The Shia and Iran in Jihadist Propaganda (2020–2025)

April 20, 2026

SECTARIAN PRIORITIES

This report examines how al-Qaeda and the Islamic State frame Shia actors and Iran in their propaganda, challenging the assumption that sectarian hostility functions as a constant and uniformly central feature of jihadist discourse. Drawing on data from the TITAN Project, it maps the relative visibility, distribution, and framing of Shia-related narratives across official audiovisual outputs between 2020 and 2025, providing a baseline for assessing how these patterns may evolve during the current conflict involving Iran.

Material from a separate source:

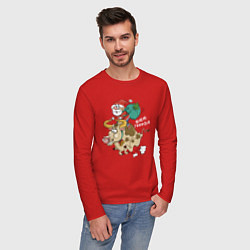 Лонгслив хлопковый мужской Санта на олене, цвет: красный — фото 2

By combining quantitative corpus analysis with qualitative examination of language and framing, the study identifies a clear divergence between the two organizations. For the Islamic State, sectarianism operates as a core organizing principle: Shia communities and Iran occupy a central position within a dense and operationalized enemy architecture. Al-Qaeda, by contrast, exhibits a markedly different profile, in which references to Shia actors remain limited, conditional, and subordinated to broader strategic priorities. Iran emerges as a key point of differentiation: while ISIS embeds it within a consistent sectarian narrative, al-Qaeda maintains a posture of strategic ambiguity shaped by both ideological and operational constraints. Overall, sectarianism appears not as a constant, but as a selectively activated dimension of jihadist propaganda, embedded within distinct organizational logics.